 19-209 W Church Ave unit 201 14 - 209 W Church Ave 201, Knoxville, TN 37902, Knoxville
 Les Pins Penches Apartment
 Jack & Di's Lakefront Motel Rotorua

——————————

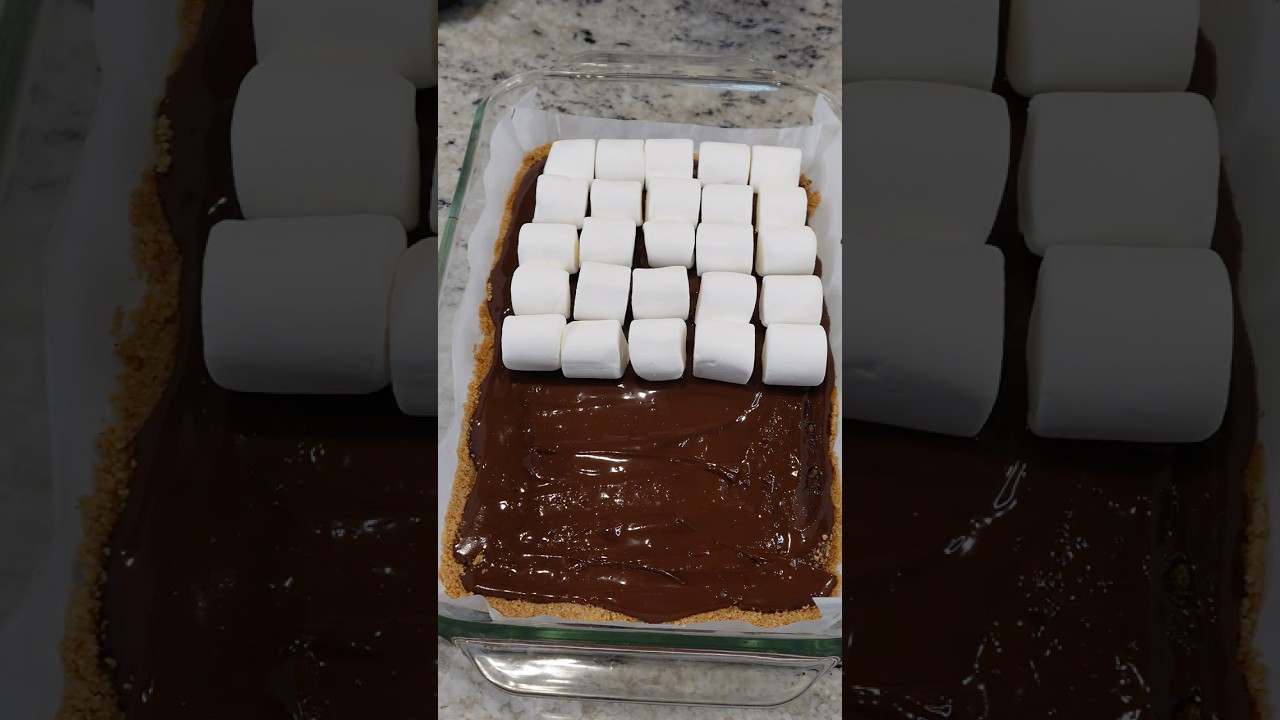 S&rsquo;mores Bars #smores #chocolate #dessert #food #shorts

——————————

Exercise aim => Take the stretch of lines above from the one containing "19-209 W Church" through the one containing "Jack & Di's Lakefront Motel Rotorua" and repeat it exactly, adding no other line.

Exercise output =>
 19-209 W Church Ave unit 201 14 - 209 W Church Ave 201, Knoxville, TN 37902, Knoxville
 Les Pins Penches Apartment
 Jack & Di's Lakefront Motel Rotorua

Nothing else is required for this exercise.